El líder estadounidense de los derechos civiles Jesse Jackson, un ministro bautista elocuente que creció en el Sur segregado, murió a los 84 años, de acuerdo con su familia. Fue un estrecho colaborador de Martin Luther King y se postuló en dos ocasiones a la nominación presidencial del Partido Demócrata.

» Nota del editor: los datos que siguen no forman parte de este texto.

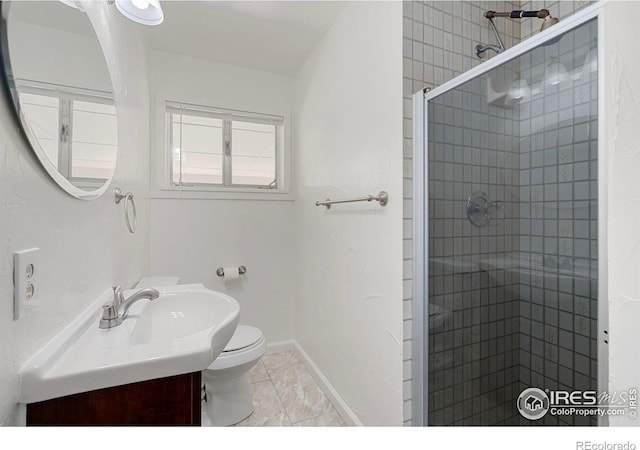 bathroom with tile patterned flooring, vanity, toilet, and a shower with door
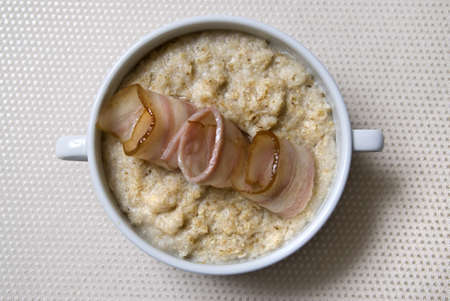 breakfast with oat and baconの写真素材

“Su inquebrantable creencia en la justicia, la igualdad y el amor elevó a millones, y les pedimos que honren su memoria continuando la lucha por los valores por los que vivió”, afirma la familia de Jackson.
“Nuestro padre fue un líder servidor, para nuestra familia y para los oprimidos, los sin voz y los olvidados en todo el mundo”, dice la familia.
En la década de 1960, como cercano colaborador de Martin Luther King Jr, orador afroamericano de gran energía y mediador que logró éxitos en disputas internacionales, el veterano ministro bautista ensanchó durante más de seis décadas el espacio de los afroamericanos en el escenario nacional.
A lo largo de su trayectoria, Jackson apareció en numerosos episodios decisivos de la prolongada lucha por la justicia racial en Estados Unidos, con presencia recurrente en momentos que marcaron el debate público y acompañaron hitos políticos y sociales de varias generaciones.
Estuvo con King en Memphis en 1968, cuando el líder de los derechos civiles fue asesinado; lloró a la vista de todos entre la multitud cuando Barack Obama celebró su elección presidencial en 2008; y se ubicó junto a la familia de George Floyd en 2021, tras la condena de un exagente de policía por el asesinato del hombre afroamericano desarmado.
Su carrera también incluyó controversias. En 1984, durante la campaña electoral, Jackson se refirió a Nueva York como “Hymietown” y después ofreció disculpas. Además, durante varios años se le vinculó con Louis Farrakhan, el líder antisemita de la Nation of Islam, y se reunió con Yasser Arafat, presidente de la Organización para la Liberación de Palestina.